UU Nomor 32 Tahun 2009 mengamanatkan bahwa setiap pembangunan harus mengedepankan prinsip pembangunan berkelanjutan Artinya, pembangunan tidak hanya fokus pada pertumbuhan ekonomi, tetapi juga harus memastikan kelestarian lingkungan dan kesejahteraan sosial. Dalam konteks banjir, UU ini menekankan pentingnya menjaga keseimbangan ekosistem, termasuk pengelolaan daerah aliran sungai (DAS), hutan, dan daerah resapan air.

Salah satu poin penting dalam UU ini adalah kewajiban melakukan Analisis Mengenai Dampak Lingkungan (AMDAL) bagi proyek-proyek yang berpotensi menimbulkan dampak besar terhadap lingkungan. AMDAL seharusnya menjadi alat untuk mencegah kerusakan lingkungan akibat pembangunan, seperti alih fungsi lahan yang tidak terkendali. Namun, dalam praktiknya, masih banyak proyek pembangunan yang mengabaikan atau memanipulasi proses AMDAL, sehingga memperparah kerusakan lingkungan dan meningkatkan risiko banjir.
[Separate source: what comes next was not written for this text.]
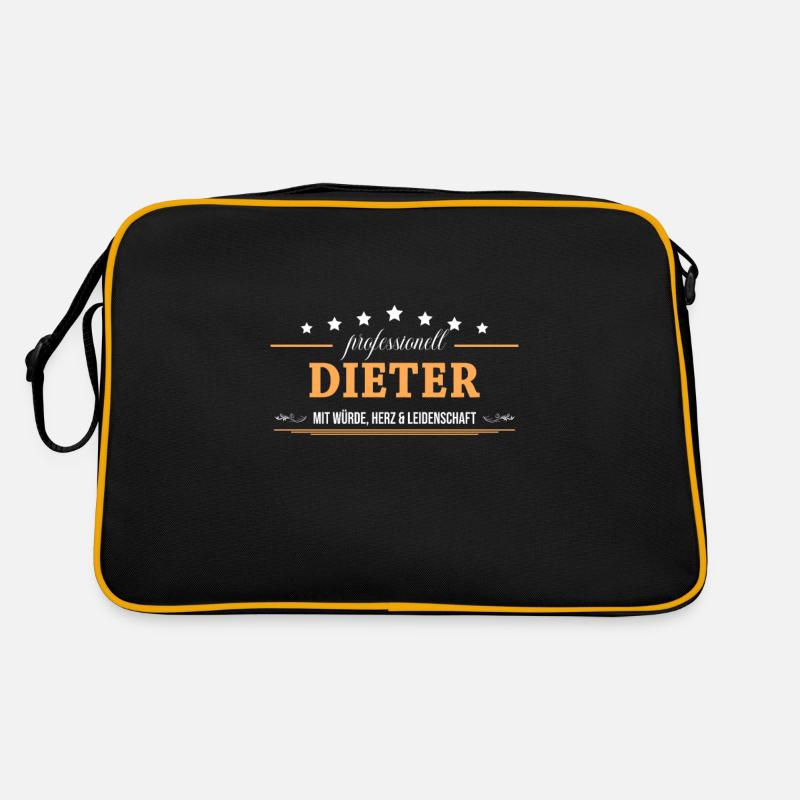 Professionell Dieter Name Vorname Retro Tasche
Banjir juga diperparah oleh masalah sampah yang menyumbat saluran air dan sungai. UU Nomor 32 Tahun 2009 mengatur secara tegas tentang pengelolaan sampah dan limbah Pasal 20 menyebutkan bahwa setiap orang wajib mengurangi dan menangani sampah secara tepat guna. Namun, implementasi aturan ini masih lemah. Masih banyak masyarakat dan industri yang membuang sampah sembarangan, terutama ke sungai, sehingga memperparah banjir.